The New-York Historical Society's
The New-York Historical Society’s “Saving Washington” exhibit includes artifacts such as a dress belonging to Dolly Madison. Photo Credit: Newsday/Dave Pokress

The best-known figures of the American Revolutionary Era disagreed on many things, but they had one key attribute in common: They were all men.

An exhibit opening on International Women’s Day Wednesday at the New-York Historical Society aims to provide a more complete picture of the heroes of the country’s earliest years.

“A lot of history books focused on the founding fathers, and the women were left in the margins,” said Valerie Paley, the curator of the “Saving Washington” exhibit. “We hope to change that.”

The 1,500-square-foot showcase includes 150 objects such as diaries, housewares and clothing, from women who lived between the Revolutionary War to the mid 19th century.

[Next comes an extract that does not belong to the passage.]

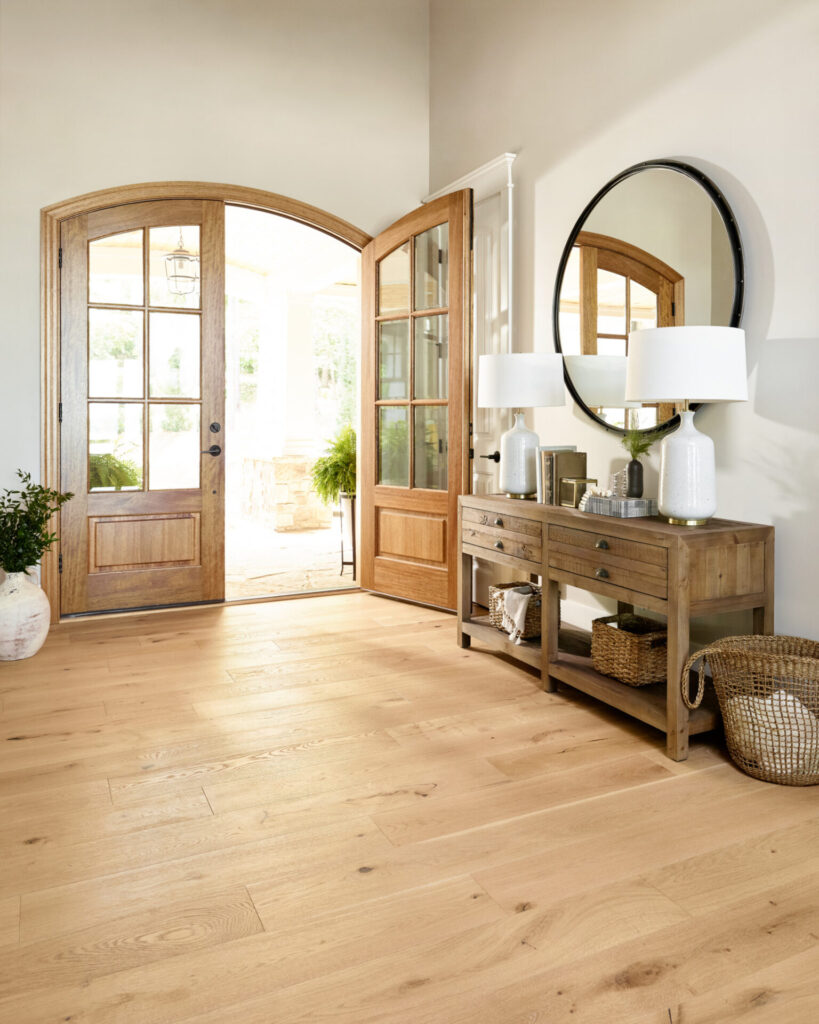 CastlewoodOak SW485 00146 Tapestry EntryWay 2U252 V 2 - Pierce Flooring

It includes interactive elements that offer biographies and anecdotes of individuals from a variety of racial and social classes.

The exhibit’s main focus is on first lady Dolly Madison, who Paley considers the first caretaker of the White House, due to her weekly “Wednesday Night Squeezes” at the mansion. Visitors can take part in a mock version of the dinner party, complete with interactive games recreating the political meetings that went on during the festivities.

“The idea is to learn how politicking and civility worked at the dining table of the President’s House,” Paley said.

The exhibit, which runs until the end of July, will be the first for the NYHS’s Center for Women History, which fully opens in April. Next month, the rest of the center, which occupies the fourth floor of the building on Central Park West, will open with an exhibit that features Tiffany lamps from the turn of the 20thcentury and the women who designed them.

Paley said her team is hard at work on future exhibits, including one later this year that will celebrate the centennial of New York’s decision that gave women the right to vote.